Of course, there will still be politics, but they all that networking activity centers around jockeying for positioning within the tech city hierarchy. How well you kiss arse to the tech CEO or even your immediate boss dictates whether you get to stay in the joyous tech city for the next month. Ouch.
Whose Backyard?
But let’s put the social part of the idea aside for moment. Focusing instead on the actual mechanics of a tech city, a tech city idea assumes the entity has a primary location already determined. One of those tech boys actually has to buy the physical land or build a sea platform to locate the enterprise to get it going. This is not as fictional as it sounds; Mark Zuckerberg and Larry Ellison already own significant portions of Hawaiian islands as their own private property now. Whether they are planning a city or not, they have the physical potential to do so, and the ownership is real.
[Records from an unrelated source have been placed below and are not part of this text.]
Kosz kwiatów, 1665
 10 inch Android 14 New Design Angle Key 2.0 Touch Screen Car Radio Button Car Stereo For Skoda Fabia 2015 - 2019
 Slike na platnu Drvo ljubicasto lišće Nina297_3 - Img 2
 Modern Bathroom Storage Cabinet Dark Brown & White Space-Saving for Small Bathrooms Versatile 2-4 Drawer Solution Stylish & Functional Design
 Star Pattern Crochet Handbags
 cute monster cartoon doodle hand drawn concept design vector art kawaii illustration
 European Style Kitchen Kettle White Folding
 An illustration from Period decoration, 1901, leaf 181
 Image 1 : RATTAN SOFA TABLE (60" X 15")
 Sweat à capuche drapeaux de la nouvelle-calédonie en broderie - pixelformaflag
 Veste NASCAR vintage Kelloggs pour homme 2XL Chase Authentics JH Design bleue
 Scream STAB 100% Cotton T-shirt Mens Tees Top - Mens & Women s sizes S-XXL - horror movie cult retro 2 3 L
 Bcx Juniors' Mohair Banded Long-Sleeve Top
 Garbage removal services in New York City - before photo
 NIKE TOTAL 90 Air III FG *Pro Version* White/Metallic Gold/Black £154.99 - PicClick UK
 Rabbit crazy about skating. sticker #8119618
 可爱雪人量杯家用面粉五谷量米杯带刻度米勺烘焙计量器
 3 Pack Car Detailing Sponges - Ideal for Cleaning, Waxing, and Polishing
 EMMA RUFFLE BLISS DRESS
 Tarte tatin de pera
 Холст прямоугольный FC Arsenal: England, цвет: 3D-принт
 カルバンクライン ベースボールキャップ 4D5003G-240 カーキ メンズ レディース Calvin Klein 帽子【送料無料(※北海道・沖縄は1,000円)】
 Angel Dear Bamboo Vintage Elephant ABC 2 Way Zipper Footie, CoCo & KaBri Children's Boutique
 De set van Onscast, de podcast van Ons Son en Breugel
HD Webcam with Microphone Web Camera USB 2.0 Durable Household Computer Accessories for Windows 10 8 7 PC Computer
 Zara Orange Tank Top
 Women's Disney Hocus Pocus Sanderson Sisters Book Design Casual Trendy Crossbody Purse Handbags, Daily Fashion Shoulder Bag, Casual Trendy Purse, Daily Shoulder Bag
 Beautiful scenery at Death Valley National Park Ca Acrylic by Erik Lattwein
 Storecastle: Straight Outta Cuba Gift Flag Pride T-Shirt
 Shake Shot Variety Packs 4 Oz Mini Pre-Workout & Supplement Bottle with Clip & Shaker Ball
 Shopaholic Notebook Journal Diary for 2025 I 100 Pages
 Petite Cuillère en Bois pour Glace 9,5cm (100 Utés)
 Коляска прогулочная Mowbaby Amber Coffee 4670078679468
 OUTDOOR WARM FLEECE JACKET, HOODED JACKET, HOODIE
Running the Machine Takes a Mechanic, Not a Dreamer
Second, there needs to be critical infrastructure in place, both to run a city as well as to maintain and support it. That means power, water, plumbing, shelter, monitoring, production, climate management and a whole lot more. It’s not as if someone waves a magic wand and a finished city appears. The amount of money to just set up and maintain a basic factory city alone is in the billions, so a full-fledged community with amenities in exponentially more. Then, once built, there needs to be a steady supply of resources to keep the entity going. Food and water alone are a gargantuan challenge. Modern regular cities rely on age-old markets and existing systems to deliver those basics alone, which includes thousands of different businesses and agencies working collectively. Given that a tech city is all owned by the company running it, the outlay for this kind of operation without an immediate return is astronomical. A small village would be insanely easier than trying to build a city from scratch.
Is it Really Independent After All?
Third, who exactly is going to tolerate a city-state in their backyard as an existing country? Let’s be frank on this – no one. No country government would currently entertain the sudden creation of a governmental entity in its own jurisdiction that it can’t control, take over and take advantage of. It definitely would be ludicrous to allow such an entity to exist with its own security as well, a necessity for a functioning city-state. More than likely, a successful city-state would not be autonomous and would instead have to rely on the protection of a big brother government, giving some kind of critical benefit in exchange for protection and uninterrupted growth. That’s where the tech part comes in – sell the critical service to pay for the city-state.
The more likely scenario for a tech-city creation is really under sea or off-world (i.e. the moon or Mars). Both environments provide ample room and location that is free of existing jurisdictions and ripe for colony creation. And, if there are enough survivors in the future Jamestown to live through the initial establishment without cannibalizing themselves (true story that early Jamestown problem), it would be possible to sustain and grow a city-state going forward without conflicting with existing governments. But again, there is the cost just to get it to start.

Tell Me When Noah's Ark Actually Starts Getting Built
In short, the tech city idea is a utopia of ideal utility and ignorance to the reality of running a municipality. Tech doesn’t solve everything running a city right; in fact, it doesn’t solve 95 percent of the existing problems at all. Half of them are social, just getting people to cooperate with each other long enough to sustain a safe community for all. Economy, health, education and much more also need to be in place; tech cities won’t thrive for long on a military camp model, which is usually the quick, gut response how to operate. Tech cities make for great sci-fi movies and books, but they are nowhere near readiness for even prototyping in the real world.